Neural fields have become widely used in various fields, from shape representation to neural rendering, and for solving partial differential equations (PDEs). With the advent of hybrid neural field representations like Instant NGP that leverage small MLPs and explicit representations, these models train quickly and can fit large scenes. Yet in many applications like rendering and simulation, hybrid neural fields can cause noticeable and unreasonable artifacts. This is because they do not yield accurate spatial derivatives needed for these downstream applications. In this work, we propose two ways to circumvent these challenges. Our first approach is a post hoc operator that uses local polynomial-fitting to obtain more accurate derivatives from pre-trained hybrid neural fields. Additionally, we also propose a self-supervised fine-tuning approach that refines the neural field to yield accurate derivatives directly while preserving the initial signal. We show the application of our method on rendering, collision simulation, and solving PDEs. We observe that using our approach yields more accurate derivatives, reducing artifacts and leading to more accurate simulations in downstream applications.

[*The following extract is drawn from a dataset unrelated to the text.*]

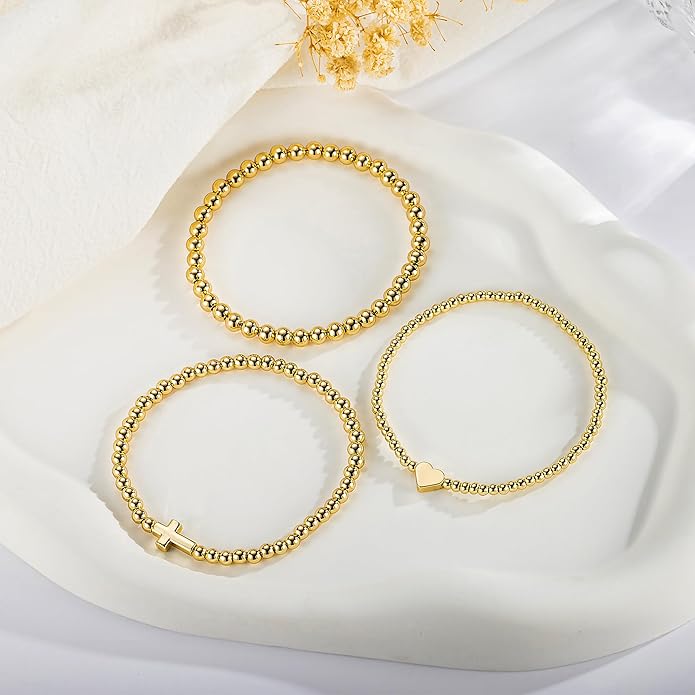 Turandoss Gold Bracelets for Women - Dainty 14K Gold Plated Bow Cross Beaded Bracelets for Women Stackable Heart Bead Bracelet Set Wave CZ Round Ball Bracelet Valentine's Day Gifts for Her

翻译：神经场已在多个领域广泛应用，从形状表示到神经渲染，以及用于求解偏微分方程（PDE）。随着如Instant NGP等利用小型MLP和显式表示的混合神经场表示的出现，这些模型训练快速且能适配大规模场景。然而在渲染和模拟等应用中，混合神经场可能会产生明显且不合理的伪影，这是因为它们无法为这些下游应用提供所需的空间导数精确值。在本文中，我们提出两种规避这些挑战的方法。第一种方法是事后算子，利用局部多项式拟合从预训练的混合神经场中获取更精确的导数。此外，我们还提出了一种自监督微调方法，在保留初始信号的同时直接优化神经场以生成精确导数。我们展示了该方法在渲染、碰撞模拟和PDE求解中的应用。结果表明，采用我们的方法可获得更精确的导数，从而减少伪影并提升下游应用的模拟准确性。